Каковым же тогда было отношение гностиков к понятиям добра и зла? Многие из древних гностиков старались менять местами, искажать традиционные моральные ценности. К примеру, относительно секты карпократиан известно, что она исходила из того, что единственный способ отринуть от себя ложный мир демиурга заключался в том, чтобы дать ему полный расчет — посредством испытания на себе рсего, что есть в этом мире, как злого, так и доброго. Такой путь, конечно, подразумевал бы исчерпание абсолютно всех возможных злых деяний, равно как и добродетельных. Подобный подход дает возможность понять, почему столь многие современные мыслители приравнивают гностицизм к бунтарству.

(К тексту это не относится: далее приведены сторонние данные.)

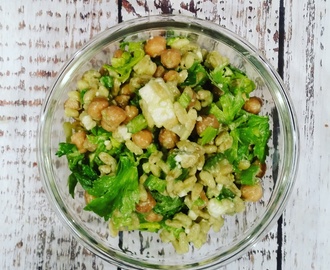 Kichererbsen-Salat mit Avocado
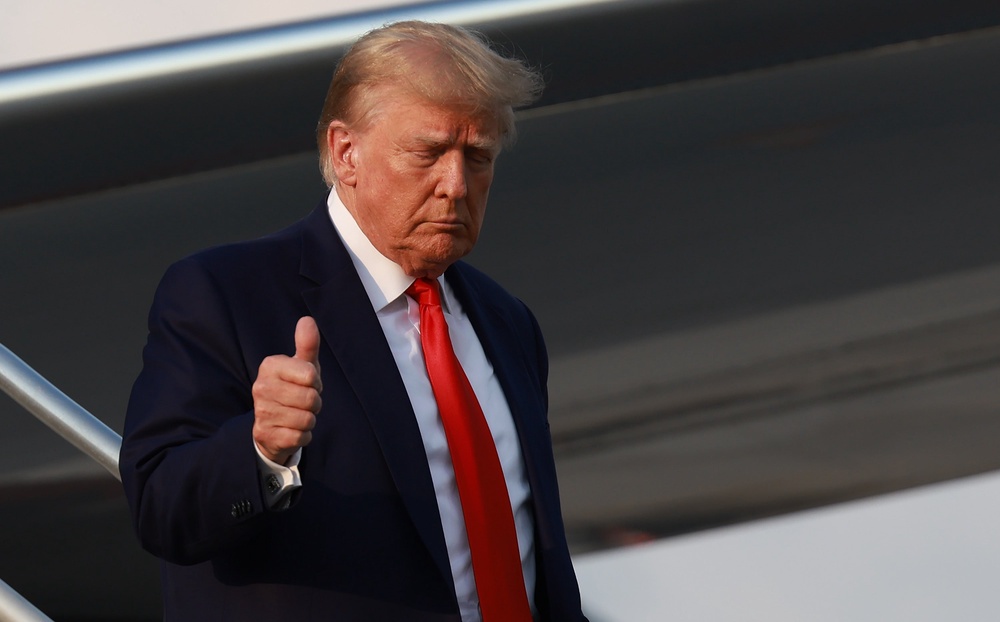 Donald Trumpโs weight and height in Georgia arrest records raises eyebrows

Ответ Блейка на этот старый вопрос содержится в названии его работы — «Бракосочетание рая и ада». Он отстаивает не приятие зла, но поиски согласованного существования противоположностей. «В противоборстве суть истинной дружбы», — пишет он. В конце книги Блейка присутствует раздел «Памятные сны» (в заглавии содержится насмешливый выпад в сторону Сведенборга, в числе теологических работ которого имеется книга «Памятные контакты» о его встречах с духами), в нем изображается ангел, который обнимает дьявола, появляющегося в виде пламени, — «и исчез в нем, и вознесся, как Илия», величайший из пророков.